Fiona Wheatley, Sainsbury's sustainability manager, said: "Digestives and rich teas are among the biggest-selling biscuits in the country, which is why we have decided to make them the next target for our sustainable palm oil programme. By prioritising those products that use the greatest volume of palm oil, we positively influence the way the oil is grown and traded internationally.

"We are firmly committed to the use of certified sustainable palm oil and we're currently looking for further products in which we can use it. Sales of basics fish fingers have risen by over 90 per cent over the past year, and one of the reasons for this is that customers respond favourably to the sustainability of the product."

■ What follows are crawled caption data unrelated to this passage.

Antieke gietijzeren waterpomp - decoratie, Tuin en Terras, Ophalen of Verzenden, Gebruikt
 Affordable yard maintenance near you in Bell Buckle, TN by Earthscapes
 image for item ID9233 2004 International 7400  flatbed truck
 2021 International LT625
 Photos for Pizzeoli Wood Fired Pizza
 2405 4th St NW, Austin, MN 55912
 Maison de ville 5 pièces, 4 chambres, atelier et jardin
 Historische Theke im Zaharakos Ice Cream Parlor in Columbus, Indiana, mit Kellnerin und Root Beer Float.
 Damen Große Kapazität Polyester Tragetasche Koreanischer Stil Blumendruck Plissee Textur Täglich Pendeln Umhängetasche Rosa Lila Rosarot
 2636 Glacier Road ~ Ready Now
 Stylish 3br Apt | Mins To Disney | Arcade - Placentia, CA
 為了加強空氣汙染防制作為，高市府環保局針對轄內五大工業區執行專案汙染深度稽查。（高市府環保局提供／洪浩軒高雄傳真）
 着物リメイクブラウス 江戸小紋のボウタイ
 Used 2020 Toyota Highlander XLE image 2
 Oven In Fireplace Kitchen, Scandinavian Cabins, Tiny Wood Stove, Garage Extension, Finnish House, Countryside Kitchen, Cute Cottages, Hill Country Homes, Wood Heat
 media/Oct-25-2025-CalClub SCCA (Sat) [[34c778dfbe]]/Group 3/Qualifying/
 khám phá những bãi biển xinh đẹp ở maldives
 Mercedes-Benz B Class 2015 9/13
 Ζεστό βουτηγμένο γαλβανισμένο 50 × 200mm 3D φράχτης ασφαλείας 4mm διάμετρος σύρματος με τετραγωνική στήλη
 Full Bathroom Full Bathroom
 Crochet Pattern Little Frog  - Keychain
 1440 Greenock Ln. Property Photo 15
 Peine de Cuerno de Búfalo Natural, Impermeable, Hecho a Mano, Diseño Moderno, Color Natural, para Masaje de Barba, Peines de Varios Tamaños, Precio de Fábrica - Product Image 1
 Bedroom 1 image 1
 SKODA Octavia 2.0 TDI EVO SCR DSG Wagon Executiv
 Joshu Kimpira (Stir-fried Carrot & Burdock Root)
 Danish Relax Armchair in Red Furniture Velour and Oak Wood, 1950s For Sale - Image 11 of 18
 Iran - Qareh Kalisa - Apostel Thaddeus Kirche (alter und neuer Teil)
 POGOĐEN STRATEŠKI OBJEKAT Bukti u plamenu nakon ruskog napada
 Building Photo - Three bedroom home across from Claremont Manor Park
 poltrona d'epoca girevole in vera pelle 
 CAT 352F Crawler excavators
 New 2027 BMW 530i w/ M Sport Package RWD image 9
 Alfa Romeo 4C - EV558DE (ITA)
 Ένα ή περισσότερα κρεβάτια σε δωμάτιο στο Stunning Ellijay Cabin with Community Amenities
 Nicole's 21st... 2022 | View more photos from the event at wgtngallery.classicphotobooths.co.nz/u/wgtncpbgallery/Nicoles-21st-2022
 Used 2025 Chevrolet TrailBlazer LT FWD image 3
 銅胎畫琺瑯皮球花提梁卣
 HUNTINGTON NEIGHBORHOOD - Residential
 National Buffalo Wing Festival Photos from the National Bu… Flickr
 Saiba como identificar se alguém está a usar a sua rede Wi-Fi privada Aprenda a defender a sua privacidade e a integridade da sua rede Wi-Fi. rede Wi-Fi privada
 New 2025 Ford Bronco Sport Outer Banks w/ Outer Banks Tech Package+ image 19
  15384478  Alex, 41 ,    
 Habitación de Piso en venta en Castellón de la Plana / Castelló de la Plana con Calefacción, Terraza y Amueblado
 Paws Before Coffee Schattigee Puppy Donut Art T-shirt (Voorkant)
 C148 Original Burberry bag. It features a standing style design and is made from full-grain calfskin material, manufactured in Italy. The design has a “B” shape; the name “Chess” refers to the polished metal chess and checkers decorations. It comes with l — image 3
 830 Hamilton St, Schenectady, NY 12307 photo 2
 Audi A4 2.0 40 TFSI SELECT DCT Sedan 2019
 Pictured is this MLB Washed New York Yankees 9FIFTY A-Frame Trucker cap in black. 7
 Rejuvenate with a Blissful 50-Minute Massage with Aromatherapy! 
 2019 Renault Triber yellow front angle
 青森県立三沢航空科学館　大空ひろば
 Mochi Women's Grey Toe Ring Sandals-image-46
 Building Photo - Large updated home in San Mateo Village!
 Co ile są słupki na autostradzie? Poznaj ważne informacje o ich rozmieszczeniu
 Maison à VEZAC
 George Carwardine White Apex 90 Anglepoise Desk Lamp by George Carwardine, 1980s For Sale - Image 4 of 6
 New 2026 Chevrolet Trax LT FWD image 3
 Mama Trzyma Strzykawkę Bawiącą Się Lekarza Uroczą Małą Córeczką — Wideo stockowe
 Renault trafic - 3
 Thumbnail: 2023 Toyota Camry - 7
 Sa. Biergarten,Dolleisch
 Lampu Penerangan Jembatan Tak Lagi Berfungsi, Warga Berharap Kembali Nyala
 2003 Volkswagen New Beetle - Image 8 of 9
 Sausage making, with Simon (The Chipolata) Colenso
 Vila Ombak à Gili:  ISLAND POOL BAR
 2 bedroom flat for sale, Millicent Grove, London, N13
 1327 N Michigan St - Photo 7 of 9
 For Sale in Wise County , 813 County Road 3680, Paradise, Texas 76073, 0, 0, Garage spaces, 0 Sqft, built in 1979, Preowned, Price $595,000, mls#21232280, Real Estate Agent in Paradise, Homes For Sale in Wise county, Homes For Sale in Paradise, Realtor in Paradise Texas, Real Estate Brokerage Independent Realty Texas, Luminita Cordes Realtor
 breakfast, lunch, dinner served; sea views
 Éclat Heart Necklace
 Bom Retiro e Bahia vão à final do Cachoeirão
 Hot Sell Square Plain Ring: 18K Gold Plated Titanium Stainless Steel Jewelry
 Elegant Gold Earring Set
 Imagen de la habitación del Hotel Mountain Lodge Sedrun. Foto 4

Tony Juniper, special adviser to the Prince's Rainforests Project, said: "Oil palm cultivation has in recent years emerged as one of the major causes of tropical rainforest clearance. Simply banning this product is neither feasible nor logical, however. Developing countries and their farmers need income and the world needs vegetable oil. It is vital we find ways to produce the food the world needs while at the same time keeping the forests standing. Sainsbury's is helping to demonstrate how it is possible to source more sustainably produced palm oil and this is a very welcome development."

Adam Harrison, Senior Policy Officer at WWF, added: "WWF welcomes these further moves by Sainsbury's to source more sustainable palm oil.   Palm oil production is one of the main causes of deforestation around the world and is a direct threat to species like the orang-utan and the Sumatran tiger, rhino and elephant.  Forest loss is also a major contributor to climate change. 

"Sourcing from RSPO certified sources is the most credible way to ensure that companies that buy palm oil are not adding to these global problems.  By extending the range of its products that contain certified sustainable palm oil, Sainsbury's has shown that companies can move from talking about sustainability in this area to putting it into practice.  WWF hopes that this action will encourage other users of palm oil in their efforts to do the same."

Palm oil can be found in thousands of products on supermarket shelves (it is one of a number of oils that can be generically labelled as ‘vegetable oil'), but many consumers are unaware of how common its use is. For this reason, Sainsbury's is the only supermarket to have changed labelling on its food products so that they name palm oil (and other vegetable oils) specifically*.

In addition to being the only retailer to buy the oil in large volumes, Sainsbury's was also the first retailer to set a target date by which to switch to 100 per cent certified sustainable palm oil, aiming to reach this goal by 2014, ahead of the rest of the industry.

Fiona added: "We need to support the workers, farmers, families and communities that rely on palm oil, while making sure that tropical forests are protected for everyone's future benefit.

"In order to achieve this, we are dependent not only on widespread take up of certification at plantation level, but also adoption of certified sustainable palm oil sourcing by the companies that trade and process palm oil."

Sainsbury's support of sustainable palm oil is such that the company's CEO, Justin King is a member of the Prince's Rainforest Project (PRP) steering group. The project was set up by HRH The Prince of Wales and seeks to 'make rainforests worth more alive than dead'. The PRP team works with Governments, businesses and non-profit organisations to find solutions to deforestation.